By Mr. Edward N Johnson (USACE)May 12, 2018
On the evening of Oct. 8, 2017, more than 250 wildfires erupted and burned throughout Northern California, including Napa, Lake, Mendocino, Solano, Yuba and Butte counties. In total, officials say nearly 9,000 structures were destroyed and more than 40 people were lost their lives.
Almost immediately, the President signed a Federal disaster declaration, setting into motion the largest debris cleanup mission in the state's history, since the 1906 San Francisco earthquake.
The U.S. Army Corps of Engineers was then called upon by the Federal Emergency Management Agency to take on the monumental task of removing debris as quickly and safely as possible from impacted areas spanning more than 314 square miles.
"This is perhaps one of the largest debris removal missions the Corps of Engineers has ever been tasked to support in history." said Maj. Elizabeth M. Sutey, a 2007 West Point Graduate and the current Northern California Wildfire Regional Field Office deputy commander.

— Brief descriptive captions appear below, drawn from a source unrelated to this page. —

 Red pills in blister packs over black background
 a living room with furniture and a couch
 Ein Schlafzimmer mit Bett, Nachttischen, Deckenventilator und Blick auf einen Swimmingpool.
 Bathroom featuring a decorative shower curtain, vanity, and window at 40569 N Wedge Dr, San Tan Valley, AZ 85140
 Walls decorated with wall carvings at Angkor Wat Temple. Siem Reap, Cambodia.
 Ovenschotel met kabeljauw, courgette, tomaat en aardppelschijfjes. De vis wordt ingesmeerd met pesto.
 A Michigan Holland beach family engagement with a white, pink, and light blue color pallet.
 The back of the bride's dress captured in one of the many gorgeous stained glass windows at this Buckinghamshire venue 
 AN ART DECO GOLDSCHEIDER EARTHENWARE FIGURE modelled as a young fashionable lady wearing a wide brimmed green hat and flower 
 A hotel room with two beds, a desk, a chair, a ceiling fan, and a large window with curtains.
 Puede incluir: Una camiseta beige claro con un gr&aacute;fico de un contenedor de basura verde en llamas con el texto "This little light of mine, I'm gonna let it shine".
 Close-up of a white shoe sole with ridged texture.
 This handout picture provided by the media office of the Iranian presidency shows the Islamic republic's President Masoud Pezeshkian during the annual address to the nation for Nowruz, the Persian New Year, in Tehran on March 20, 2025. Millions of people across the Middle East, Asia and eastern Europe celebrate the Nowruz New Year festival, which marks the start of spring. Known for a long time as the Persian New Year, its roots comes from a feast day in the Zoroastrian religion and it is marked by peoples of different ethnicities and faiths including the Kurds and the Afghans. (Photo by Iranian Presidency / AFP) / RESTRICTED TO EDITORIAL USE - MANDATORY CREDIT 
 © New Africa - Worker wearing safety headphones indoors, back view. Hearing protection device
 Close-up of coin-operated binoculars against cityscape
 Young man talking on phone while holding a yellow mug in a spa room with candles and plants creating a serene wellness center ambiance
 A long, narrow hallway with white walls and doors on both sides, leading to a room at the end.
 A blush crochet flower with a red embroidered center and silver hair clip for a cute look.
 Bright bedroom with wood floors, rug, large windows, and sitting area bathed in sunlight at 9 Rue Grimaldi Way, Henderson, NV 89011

"Like other disaster recovery missions currently underway, we knew there would be a need to bring Corps of Engineers personnel from across the country in to help," said Sutey. "As part of that effort, we also actively sought help of our community of highly skilled rehired annuitants."
A rehired annuitant is an individual who is retired from the Federal government but may later be rehired to fill critical gaps or assist with Federal emergency disaster operations, like the one currently underway in Northern California. A total of 56 retirees have volunteered to support this mission so far and more are expected to arrive in the coming weeks.
One such retired employee, Cheryl Michener, was spending her winter in North Carolina with kids and grandkids when the phone rang, asking if should would volunteer to deploy to Northern California to help with disaster response effort.
Michener, who started her career with the Federal Government in 1974 as a switchboard operator at the Niagara Falls Air Force Base, retired in 2015, after 42 years of Federal Service.
"I didn't hesitate to say yes when I got that call." said Michener. "The idea of saying no was not really an option because I knew the people out there really needed the help.
Since accepting her assignment, Michener has worked in the RFO in a variety of positions, including serving at different times throughout the deployment on the issue management, contracting, call center and data management teams.
"I've heard nothing but good things about Cheryl since arriving here earlier in the month and it's been a real honor and privilege to work with her in our contracting section," said Capt. Stephen J. Schwarz, contracting team lead. "She brings a lot of experience to the table and consistently goes out of her way to help out wherever and whenever she's needed."
Michener, who is on her second deployment to Northern California with USACE, is set to return home near the end of May.
"I spend my summers in Buffalo, New York, where you will normally find me at the Genesis Center helping serve meals for those in need or volunteering at a local hospice," said Michener. "Of course, I also love spending as much time with my friends and family as possible."
As part of its mission, USACE remains prepared and ready to respond to disasters and emergencies, when called upon to do so by FEMA. Rehired annuitants play a critical role in accomplishing that mission by volunteering their many years of experience, hard work ethic and depth of skill and knowledge.
"If I am called for another deployment I'll be glad to step up to the plate and help wherever I can," said Michener, when asked if she would volunteer to assist with future natural disasters. "I am so proud to work for the Corps and honored to be here on this mission."